We may want to add some file to commit and mark integrity of the block. That file may hold some information like files we expect to have in the directory and maybe some hashes of those.

This was rejected for we can reuse existing meta.json as “integrity” marker (e.g if after 15m we don’t have meta file, it is partially uploaded and should be removed).

Additional information like expected number of files can be added later if needed, however with rule no 3. we should not need that.

The main drawback of this is changing or required additional things from TSDB block format which increases complexity.

Additional coordination based on system with strong consistency (e.g etcd)

As this would help with mentioned issues, Thanos aims for being coordination free and having no additional system dependency to stay operationally simple.

Optimistic/vertical compaction

Currently, compactor requires the blocks to appear in order of creation. That might be not the case for eventual consistent storage. In those cases compactor assumes gap (no block being produced) and compacts with the mentioned gap. Once the new block is actually available for reading it causes compactor to halt due to overlap. Vertical compaction might help here as can handle those overlaps gracefully, by compacting those together. This however:

Heavily complicates the compaction
Malformed block in case of simple misconfiguration (misconfigured external labels - quite often happens)
There are lots of edge cases for eventual consistent storage that will cause vertical compaction to be required quite often which will affect performance.
Does not help with partial upload and syncing issues

As vertical compaction might be something we can support in future, it clearly does not help with problems we stated here.

Do not introduce `deleteDelay`

We may avoid introducing additional state, by adding mitigation for not having delayed removal.

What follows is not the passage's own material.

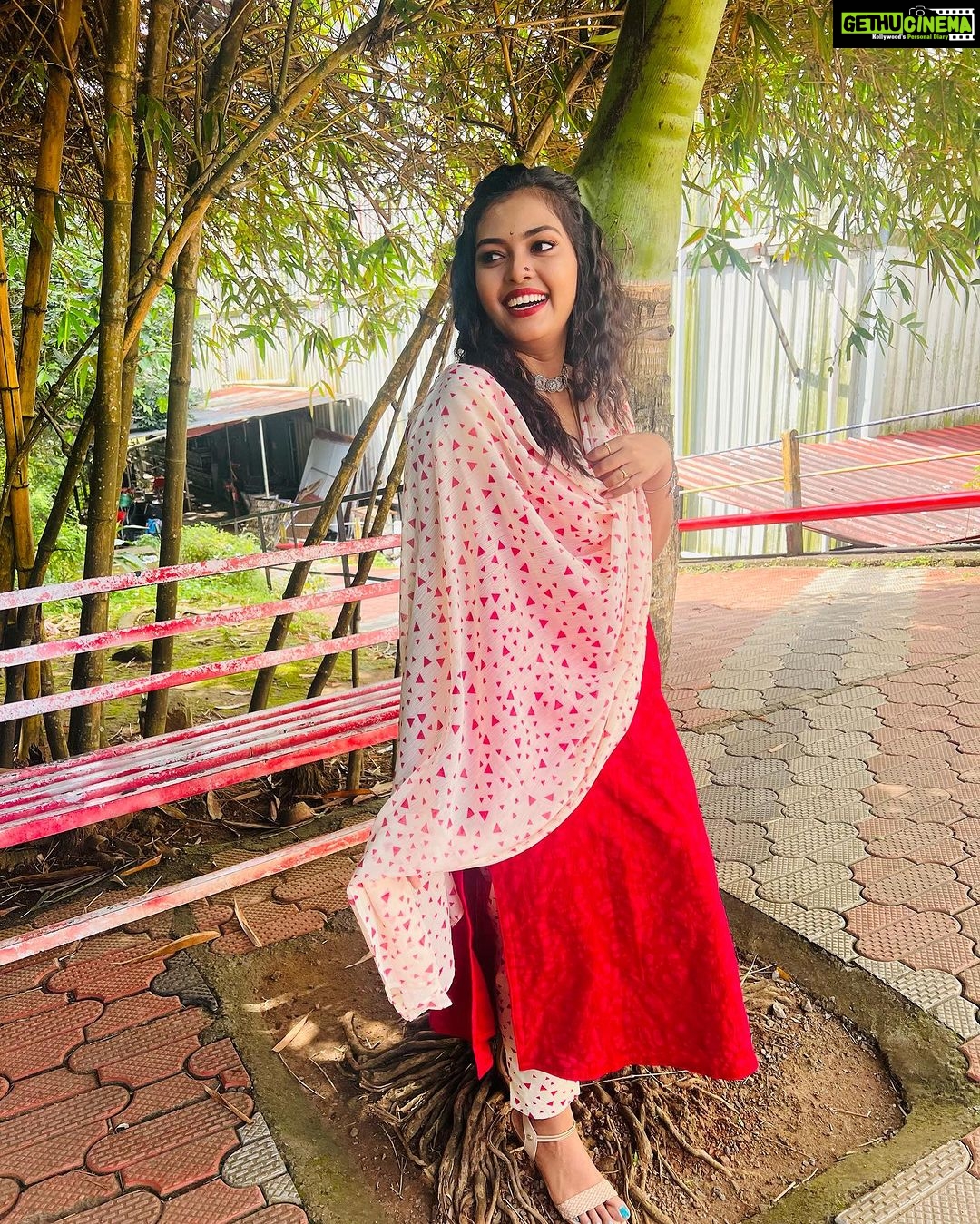 Mridula Vijay Instagram - Stay beautiful 😜🥰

For example for retention apply or manual block deletion, when we would delete block immediately we can have query failures (object does not exists for getrange operations)

We can avoid it by:

Adding retention flag to readers (compactor have it, but store gateway does not). Cons:
- This will increase configuration burden as you need to configure retention for each resolution on each reader.
- This does not cover other deletion reasons, like manual removal (e.g for repair)
Handle not exists errors for queries against store gateway gracefully. For instance, if we have block loaded and bucket operation will return object not exists. We can return no data. Cons:
- We might hide actual errors. No difference between “healthy” no exists error and failure one.